**Task objective**
Copy each line below word for word and drop every image.

[Dataset entries]
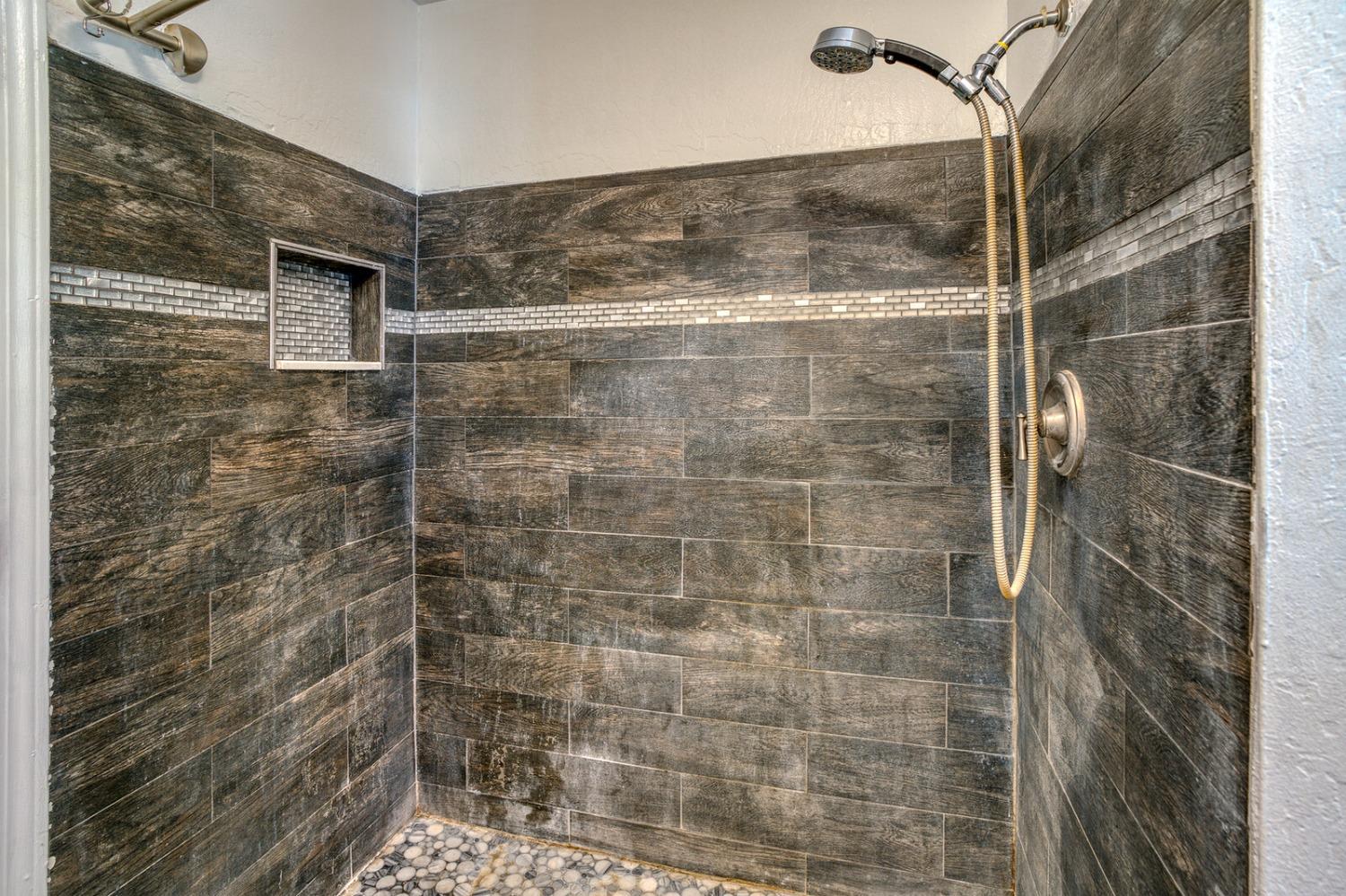 Detail Gallery Image 18 of 58 For 19500 Moroni Ln, Grass Valley,  CA 95949 - 3 Beds | 1/1 Baths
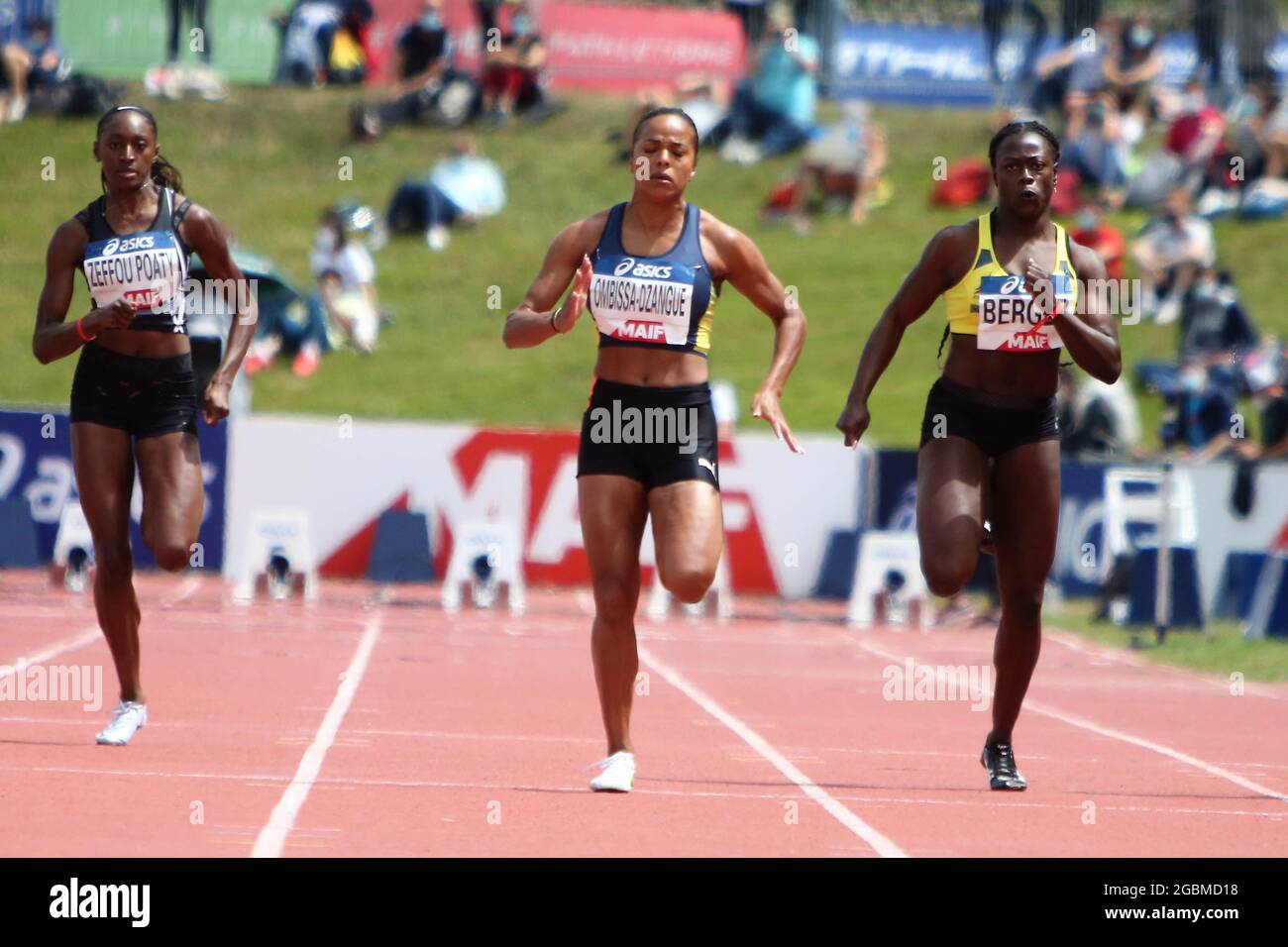 ZEFFOU POATY Maud , OMBISSA-DZANGUE Orlann et BERGER Eva séries 100 m Womens lors des championnats de France d'athlétisme 2021 du 25 juin 2021 au stade Josette et Roger Mikulak à Angers, France - photo Laurent Lairys / DPPI Banque D'Images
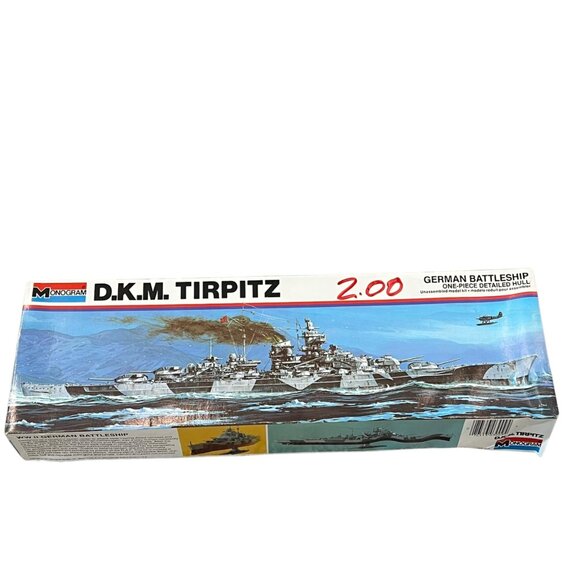Monogram 1977 D.K.M. Tirpitz WWII German Battleship Model Kit 3009 - Picture 3 of 4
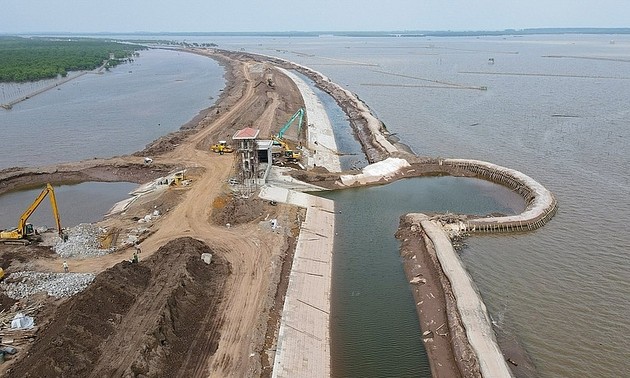 닌빈성, 12급 태풍과 파도를 막는 댐 건설 사업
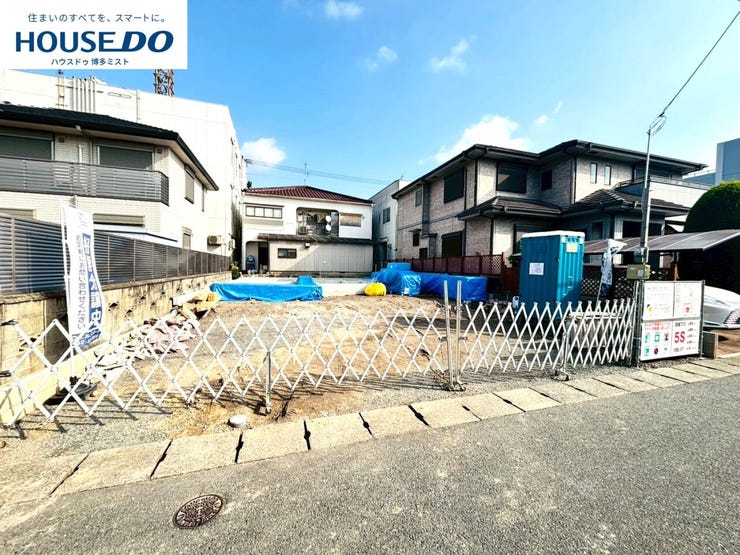 【現地見学会 開催中】実際に現地へ行き、お子様と一緒に小学校までの経路を確認したり、近隣の同施工会社の完成物件へ行き完成後の雰囲気を体感したりといった見学ツアーをしませんか?(12月2日撮影)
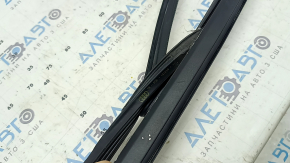 Upper front right door molding for Audi A6 C8 19-25, chrome with glass seal, painted, tears, scratches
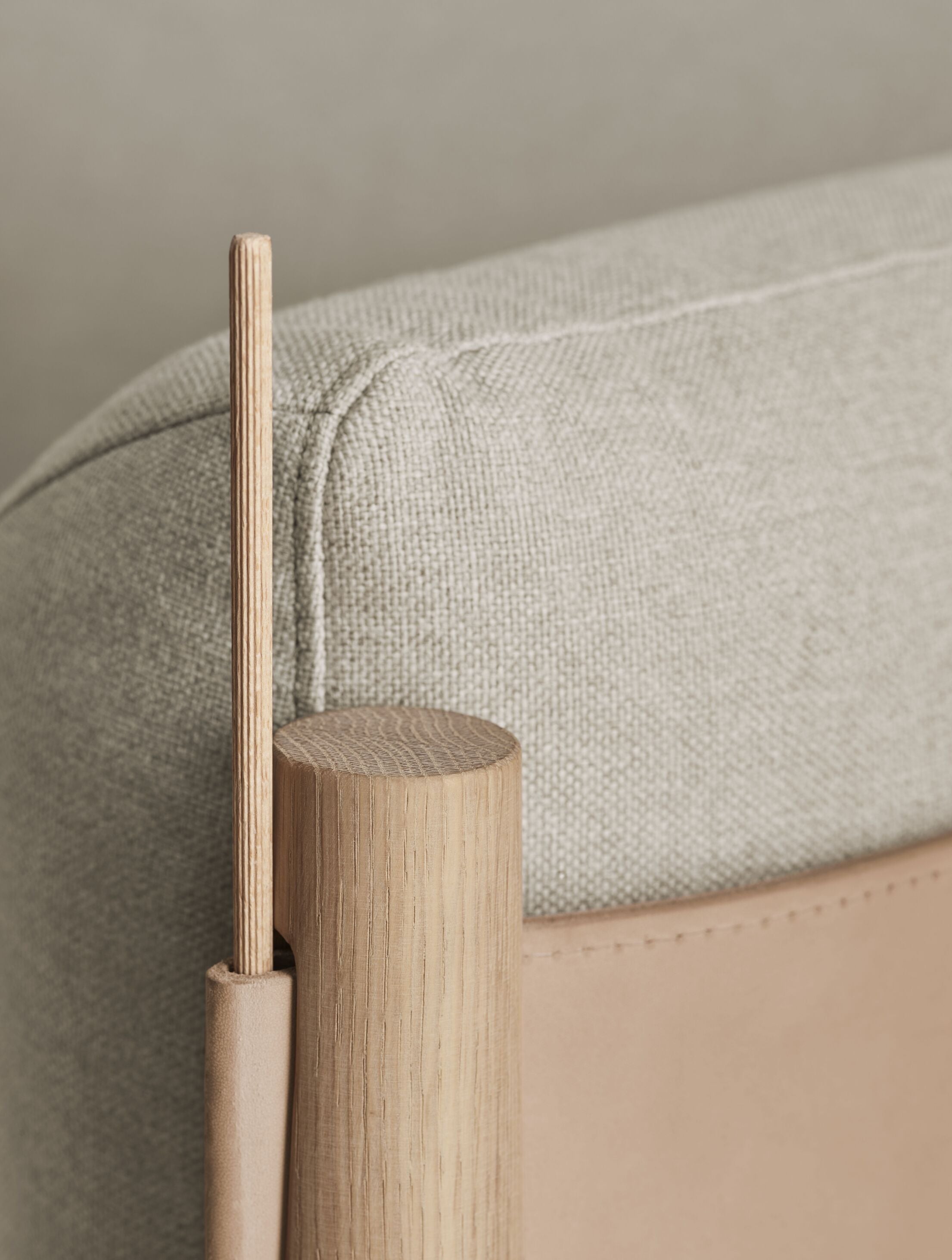 Dive armchair natural leather with an oak base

**Output below**
 Detail Gallery Image 18 of 58 For 19500 Moroni Ln, Grass Valley,  CA 95949 - 3 Beds | 1/1 Baths
 ZEFFOU POATY Maud , OMBISSA-DZANGUE Orlann et BERGER Eva séries 100 m Womens lors des championnats de France d'athlétisme 2021 du 25 juin 2021 au stade Josette et Roger Mikulak à Angers, France - photo Laurent Lairys / DPPI Banque D'Images
Monogram 1977 D.K.M. Tirpitz WWII German Battleship Model Kit 3009 - Picture 3 of 4
 닌빈성, 12급 태풍과 파도를 막는 댐 건설 사업
 【現地見学会 開催中】実際に現地へ行き、お子様と一緒に小学校までの経路を確認したり、近隣の同施工会社の完成物件へ行き完成後の雰囲気を体感したりといった見学ツアーをしませんか?(12月2日撮影)
 Upper front right door molding for Audi A6 C8 19-25, chrome with glass seal, painted, tears, scratches
 Dive armchair natural leather with an oak base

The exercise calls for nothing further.